■ **Records from a dataset**:
---------------
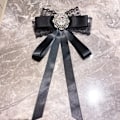 Pikkukuva 3 / 9: Rusetti pitsiset Bowknot-rintakorut C C C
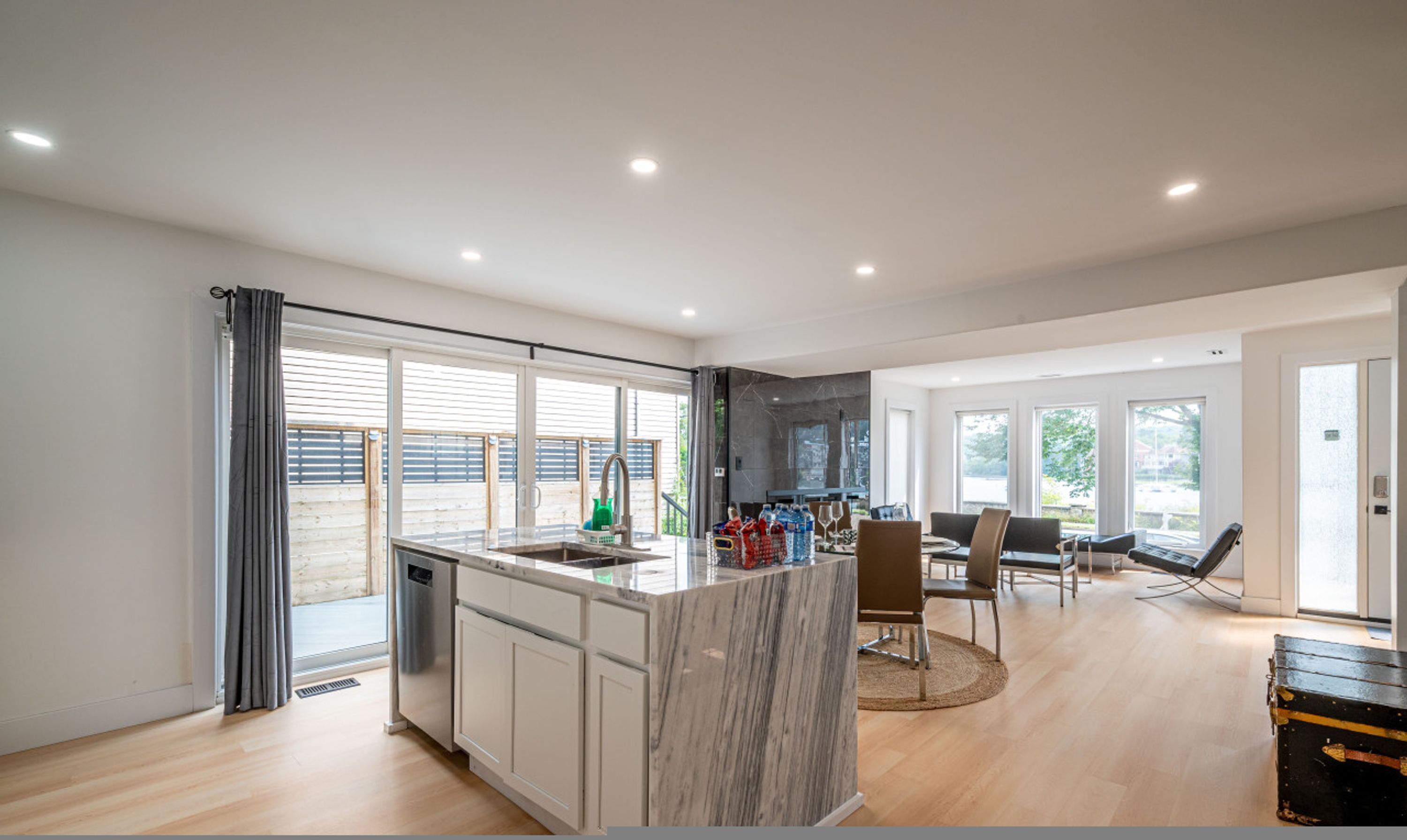 A modern kitchen with a marble island, large windows, and a dining area with chairs.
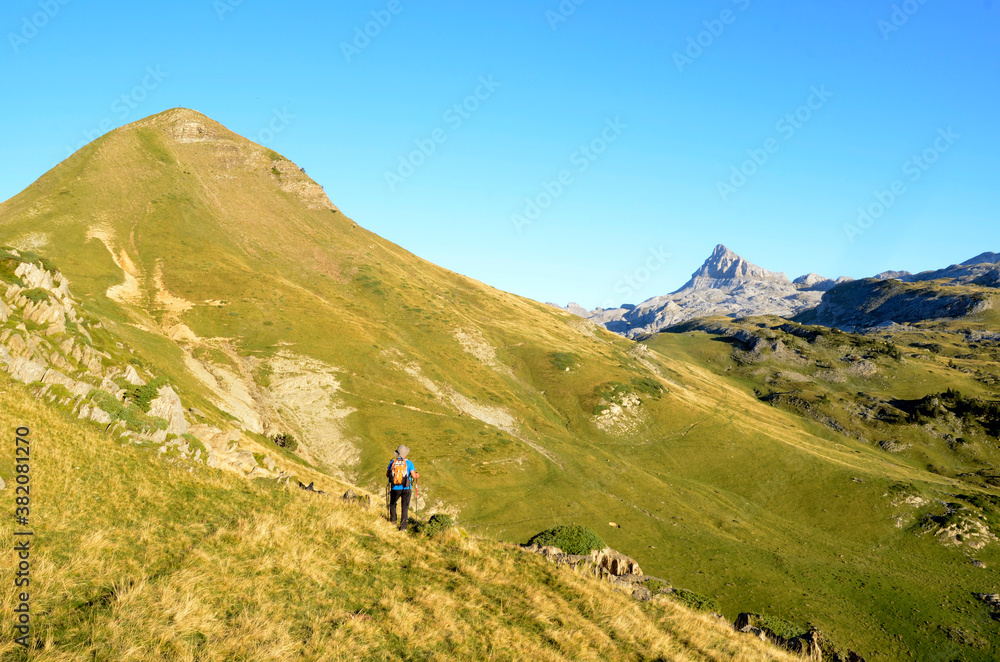 Hiker heading to Mount Anie, Pyrenees, France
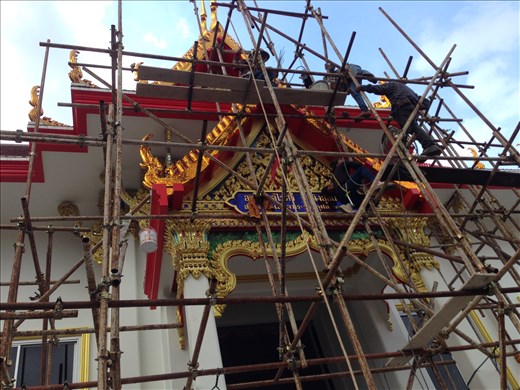 The wisp goes right on the roof's ridge peak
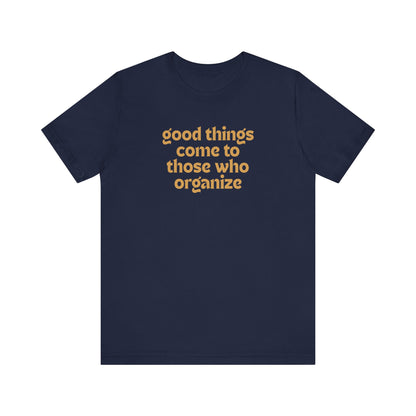 Navy blue t-shirt with gold text 'good things come to those who organize'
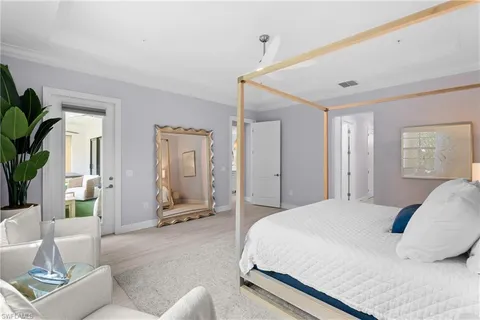a spacious bedroom with a bed a couch and a potted plant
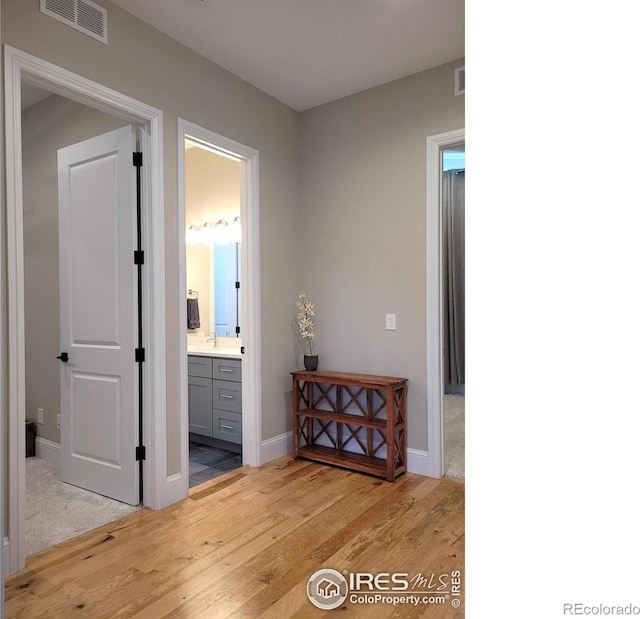 4236 Carroway Seed Ct, Johnstown, CO 80534 - hall with light wood-style flooring and baseboards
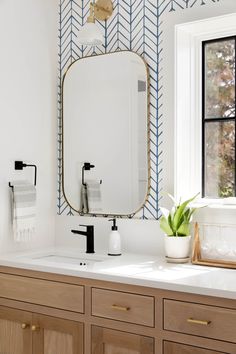 a bathroom with two sinks and a large mirror on the wall next to a window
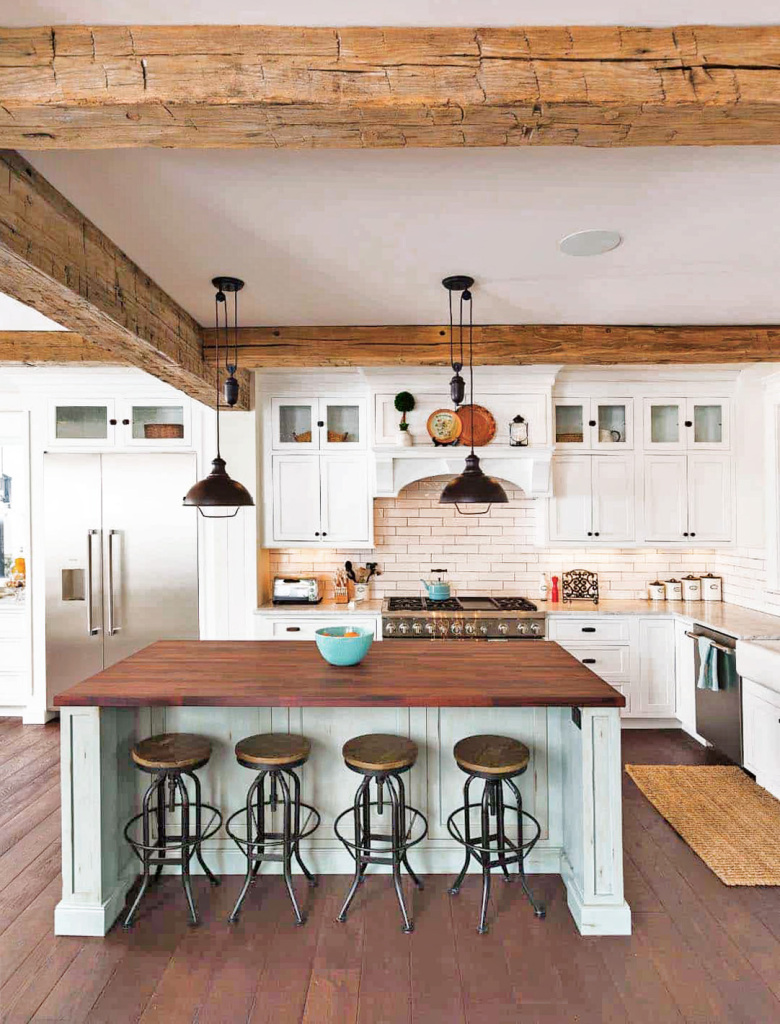 An image of a family designed open plan kitchen. Features large island for casual dining and meal prep. White cabinets and touches of mint green adds a highlight. Black industrial pendant light fittings hang above the island. Lots of exposed natural wooden beams and worktops complete the look.
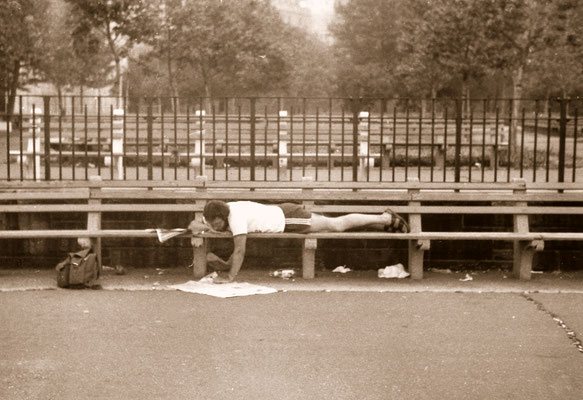 Reading newspaper in Manhatten, 1981.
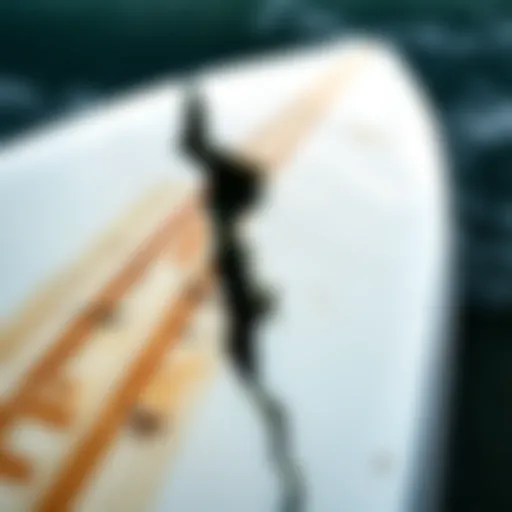 Detailed view of a cracked fiberglass surfboard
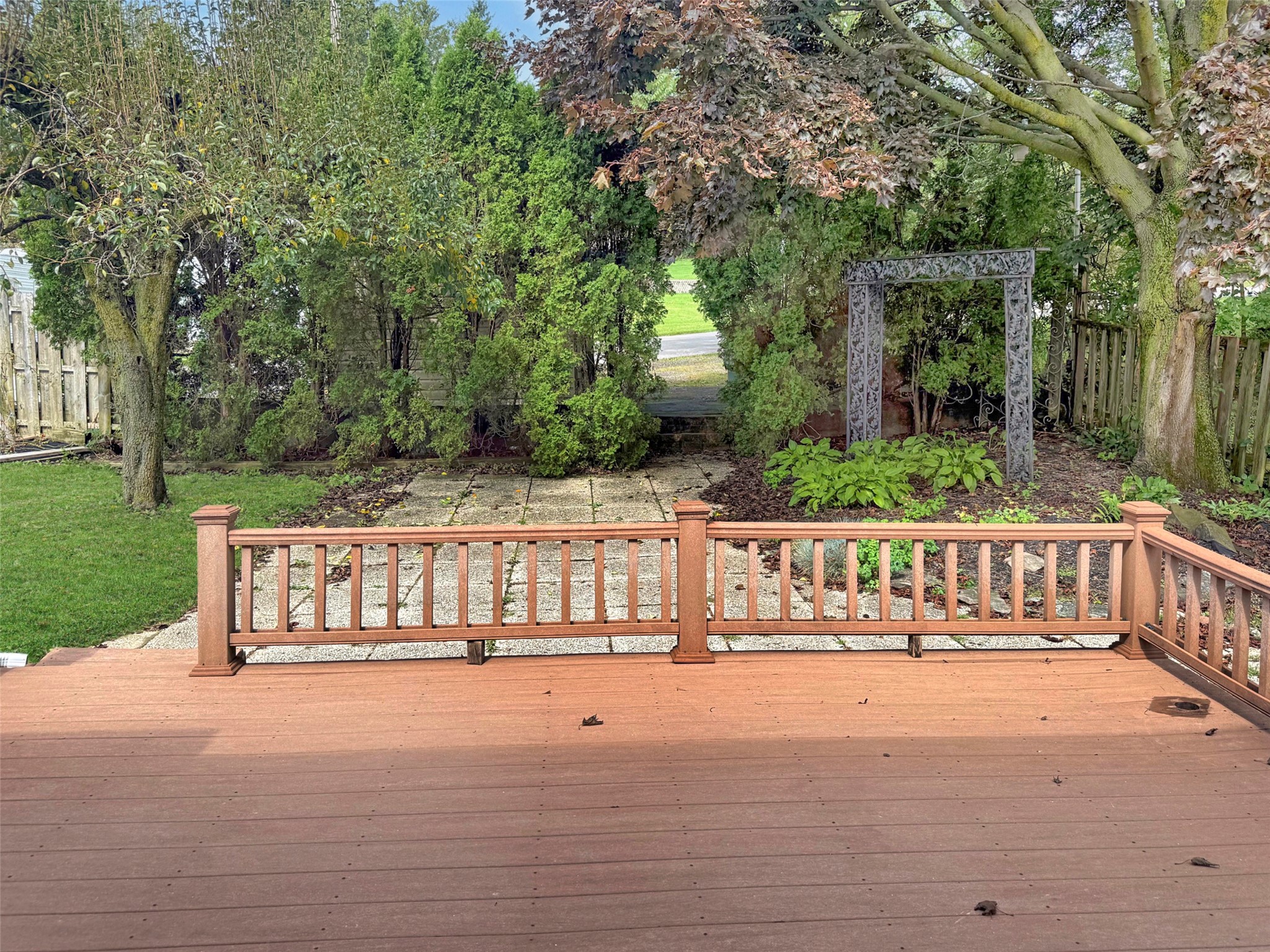1630 West Gore Road Erie, PA 16509 - Photo 48 of 50 Lower Deck. Through the Trees is the dumpster and detached shed.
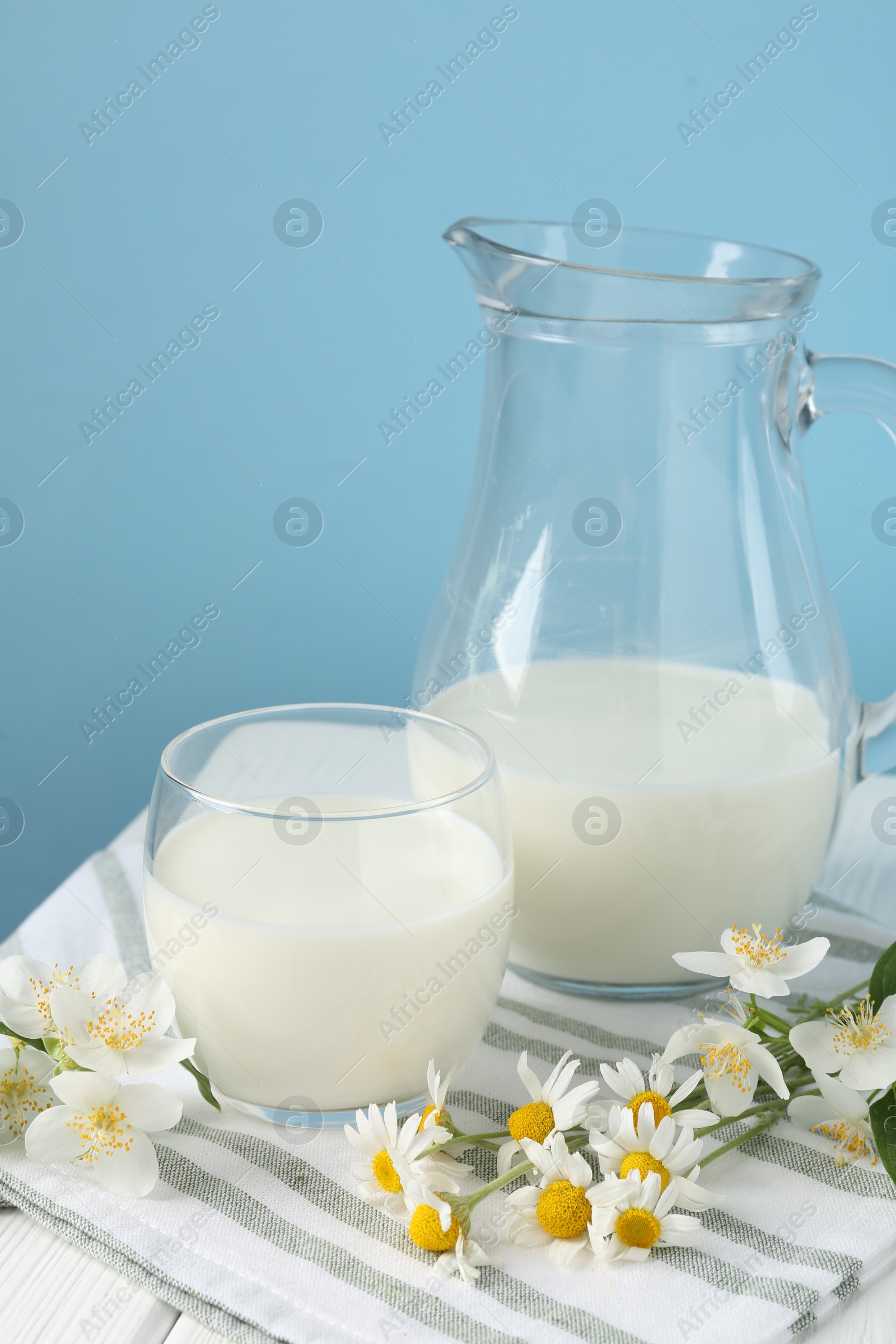 Photo of Fresh milk and flowers on white wooden table against light blue background, closeup. Dairy product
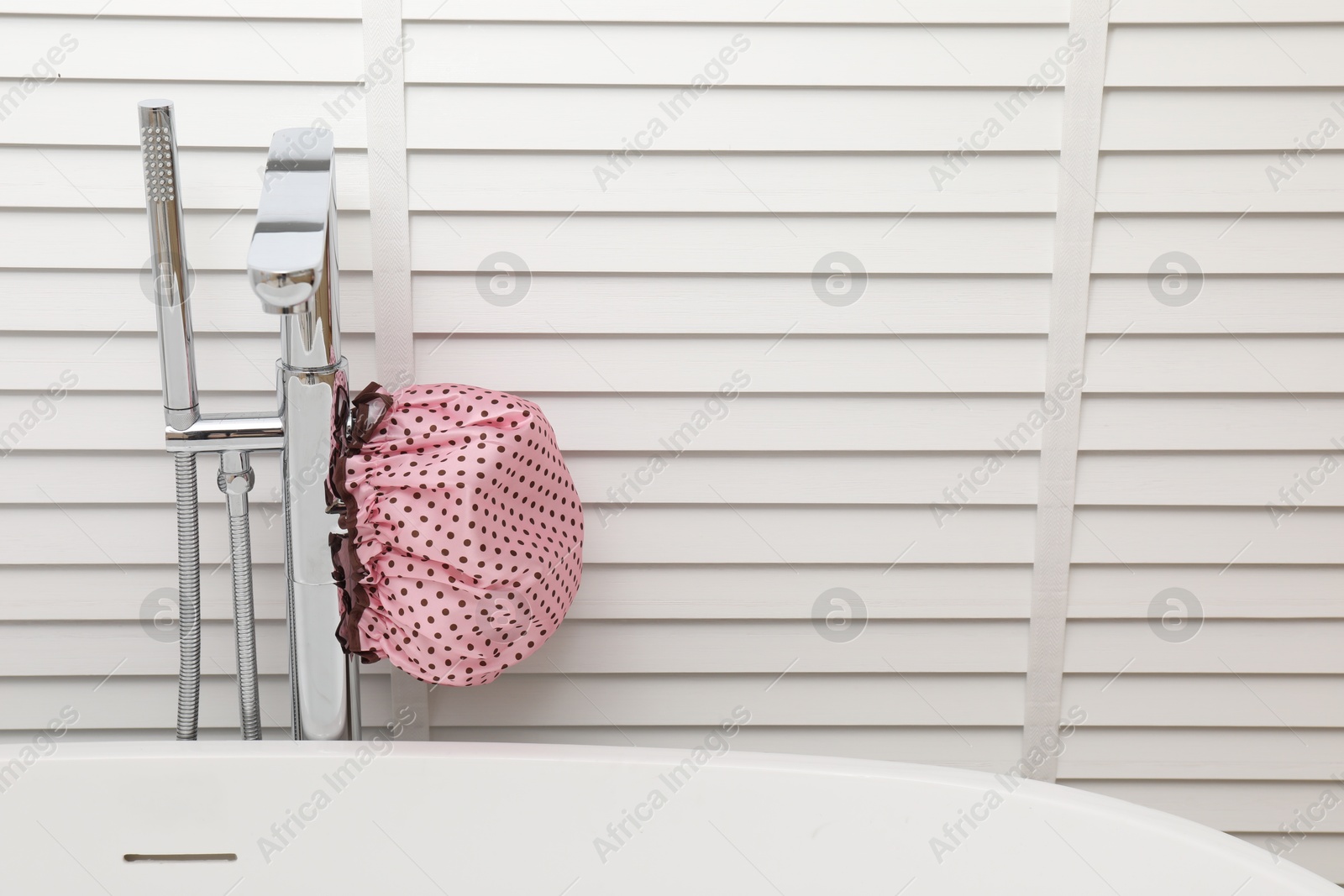 Photo of Shower cap in bathroom, space for text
---------------
Omit all pictures, and repeat exactly the lines from the line containing "a bathroom with" through the end of the data.

■ **Exercise response**:
 a bathroom with two sinks and a large mirror on the wall next to a window
 An image of a family designed open plan kitchen. Features large island for casual dining and meal prep. White cabinets and touches of mint green adds a highlight. Black industrial pendant light fittings hang above the island. Lots of exposed natural wooden beams and worktops complete the look.
 Reading newspaper in Manhatten, 1981.
 Detailed view of a cracked fiberglass surfboard
1630 West Gore Road Erie, PA 16509 - Photo 48 of 50 Lower Deck. Through the Trees is the dumpster and detached shed.
 Photo of Fresh milk and flowers on white wooden table against light blue background, closeup. Dairy product
 Photo of Shower cap in bathroom, space for text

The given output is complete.